--- The input Enclosed Below ---
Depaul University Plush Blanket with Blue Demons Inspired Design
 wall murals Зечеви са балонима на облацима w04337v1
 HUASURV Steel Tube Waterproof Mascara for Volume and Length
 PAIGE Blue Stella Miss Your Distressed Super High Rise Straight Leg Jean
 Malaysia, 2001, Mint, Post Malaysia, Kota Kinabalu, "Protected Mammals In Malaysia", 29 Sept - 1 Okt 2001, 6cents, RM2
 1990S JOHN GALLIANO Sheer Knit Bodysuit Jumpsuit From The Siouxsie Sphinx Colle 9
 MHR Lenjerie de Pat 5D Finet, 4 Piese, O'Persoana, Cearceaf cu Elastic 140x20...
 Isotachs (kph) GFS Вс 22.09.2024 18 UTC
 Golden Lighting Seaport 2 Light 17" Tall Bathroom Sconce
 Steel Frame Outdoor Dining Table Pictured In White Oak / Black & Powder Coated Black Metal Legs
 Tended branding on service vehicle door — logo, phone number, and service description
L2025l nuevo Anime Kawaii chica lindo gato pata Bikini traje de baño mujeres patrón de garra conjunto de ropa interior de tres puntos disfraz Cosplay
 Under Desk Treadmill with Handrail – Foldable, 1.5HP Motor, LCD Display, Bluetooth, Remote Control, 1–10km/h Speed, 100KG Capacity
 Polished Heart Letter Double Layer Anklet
--- End of Enclosed The input ---
Work required » Your answer must be the line holding "L2025l nuevo Anime" plus every later line to the end of the records, copied exactly.

Written response »
L2025l nuevo Anime Kawaii chica lindo gato pata Bikini traje de baño mujeres patrón de garra conjunto de ropa interior de tres puntos disfraz Cosplay
 Under Desk Treadmill with Handrail – Foldable, 1.5HP Motor, LCD Display, Bluetooth, Remote Control, 1–10km/h Speed, 100KG Capacity
 Polished Heart Letter Double Layer Anklet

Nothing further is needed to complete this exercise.